Calculate hit rate from a log file
21 Oct 2004You have a huge file that contains one line per request/transaction. Some lines are of one type (e.g. ‘HIT’), some of another (e.g. MISS). Let’s say you want to calculate the hit-rate, but as fast as possible.
We take a Squid log file of about 140MB. How long does it take to count how many lines it has?
$ time wc -l /var/log/squid/access.log
845212 /var/log/squid/access.log
real 0m6.523s
(about 21.4 MB/s or 130.000 lines/s)
And now let’s just filter out the lines containing ‘HIT’ and count those:
$ time sh -c "grep -i HIT /var/log/squid/access.log | wc -l"

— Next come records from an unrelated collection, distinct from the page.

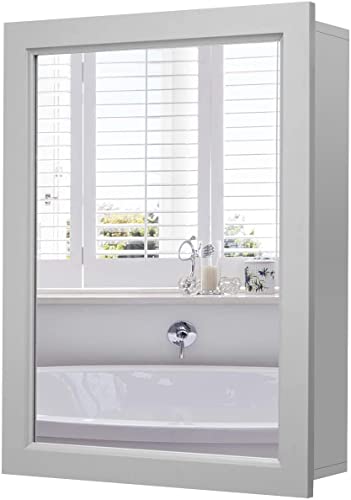 Grey Wall Mounted Mirror Medicine Cabinet with Adjustable Shelf R572045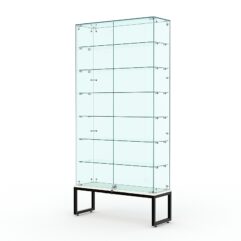 Витрина стеклянная ЛОФТ СТИЛЬ ПОДИУМ №35 (с дверками, задняя стенка - стекло), Белый
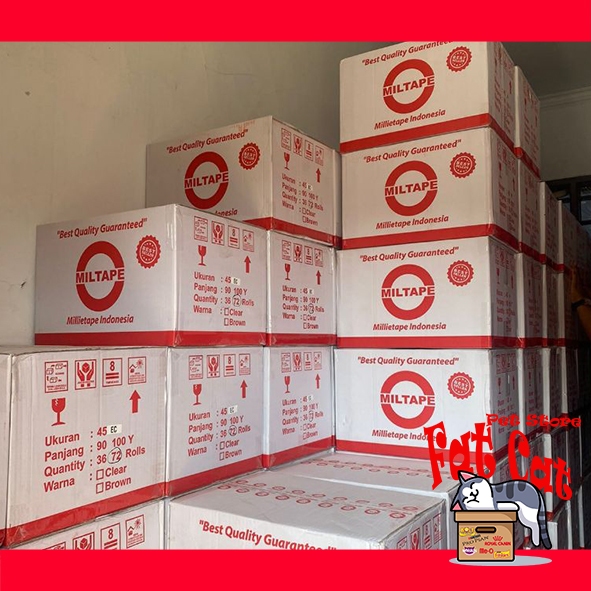 

MILTAPE lakban bening 90 yard FULL 45 mm 1 Dus isi 72roll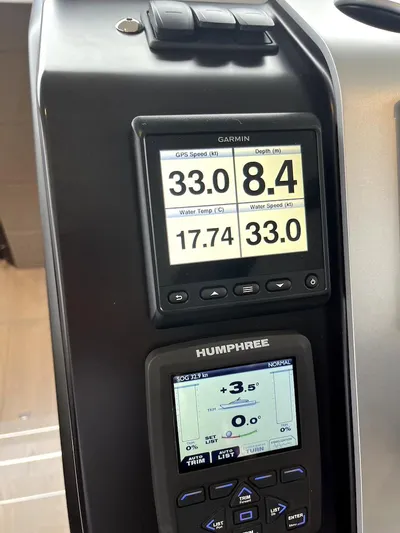 Waypoint Yacht Photos Pics Control panel of 2024 Fairline Squadron 50 yacht with Garmin and Humphree displays.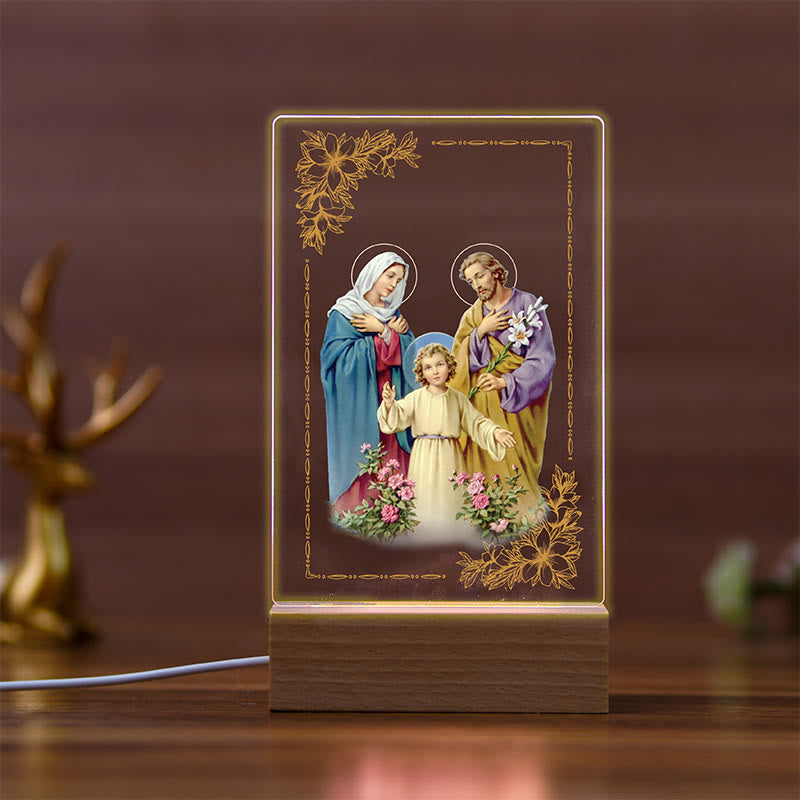 Christianartworkshop Holy Saints Icon Beechwood Base Night Light of Faithful Guardian - J - image 10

Wow! This takes ages (I stopped it after 15 minutes) and the grep
takes 100% CPU all the time. So let’s look for another solution.
Maybe gawk
? First let’s see if it is much slower than wc -l
for counting lines:
$ time gawk "END {print NR}" /var/log/squid/access.log
845907
real 0m26.129s
(5.3 MB/s or 32.000 lines/s – 4 times slower)
And now let it count the hits too:
$ time gawk "BEGIN {hit=0} /HIT/ {hit = hit+1} END {print hit/NR*100}" '/var/log/squid/access.log'
84.5023
real 0m32.836s
(4MB/s or 25.000 lines/s – slow but acceptable)
Do we actually need a count on the whole file? What if we just took the last (i.e. most recent) 100.000 lines? The result would be a better indication of what the current hit rate is, and the speed of calculation would be more predictable.
$ time sh -c "tail -100000 /var/log/squid/access.log | gawk 'BEGIN {hit=0} /HIT/ {hit = hit+1} END {print hit/NR*100}'"
92.305
real 0m3.332s
(30.000 lines/s)
It is actually a bit slower the first time you run it, probably due to disk or filesystem caching. So if you want your hit rate calculation to take less than 2 seconds, you could take the last 50.000 lines. Done!